Retype, exactly as they appear below, the lines between the line holding "nmap -sUCV -p161: SNMPv1/SNMPv3" and the line holding "TEM images comparing", both ends included.

**Study material:**

%%

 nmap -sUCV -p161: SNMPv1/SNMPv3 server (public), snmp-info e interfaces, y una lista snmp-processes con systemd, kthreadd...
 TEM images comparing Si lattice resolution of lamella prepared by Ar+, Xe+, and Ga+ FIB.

%%
%%

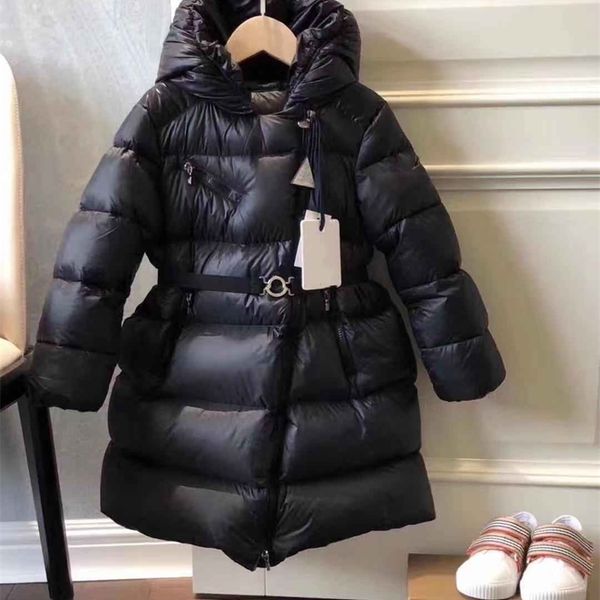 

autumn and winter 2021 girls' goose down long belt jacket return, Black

%%

**Written solution:**
 nmap -sUCV -p161: SNMPv1/SNMPv3 server (public), snmp-info e interfaces, y una lista snmp-processes con systemd, kthreadd...
 TEM images comparing Si lattice resolution of lamella prepared by Ar+, Xe+, and Ga+ FIB.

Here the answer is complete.